Part 2, Chapter 17 Summary

In April, Julius goes on a picnic in Central Park with an unnamed friend, his friend’s girlfriend (Lise-Anne), and Moji. Julius notes that he is more introverted in the winter and more extroverted in the spring. While Moji reads Anna Karenina, a dad calls his daughter’s name, Anna, nearby. A plane flies overhead and three people skydive out of it, landing in the park. Julius remembers diving into a pool at the University of Lagos to save a boy’s life.

After the skydivers land, police officers arrive to arrest them. The crowd cheers for the skydivers and boos the police. Julius considers how Lise-Anne and his friend are a good match, or at least a better match than his friend’s previous girlfriends. He recalls that he and Moji were talking about environmental issues when they first arrived at the park. She talks about bees dying—colony collapse disorder. His friend jokes about the disorder sounding like a colonial uprising, and Lise-Anne brings up the Spanish film El Espiritu de la Colmena—in English, The Spirit of the Beehive.

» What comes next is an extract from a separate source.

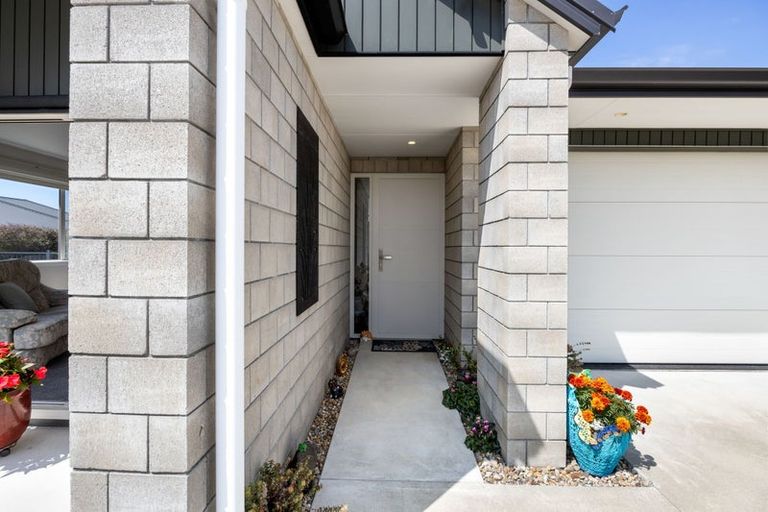 Photo of property in 46 Oak Ridge Drive, Te Awamutu, 3800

Julius argues that the world is unprepared for a disaster or plague like what the bees are experiencing, and Lise-Anne changes the subject by asking about his patients. He supplies stories about his and his colleagues’ more extreme cases, admitting that he and other psychiatrists privately classify some patients as “simply nuts” (202). His friend responds with the idea that people use “insanity” as an excuse to suppress dissenting opinions. His friend also talks about issues in his family that could be linked to mental illness, like drug use and drug dealing, as well as suicide.

Moji thinks Black people who have been in America for generations have to deal with so much structural racism that they are likely to experience mental illness. Julius likes his friend’s girlfriend and asks about Moji’s boyfriend. She asks if Julius wants to know her boyfriend’s race. Julius is unsure whether Moji is attracted to him, and vice versa. The group splits up as they leave the park.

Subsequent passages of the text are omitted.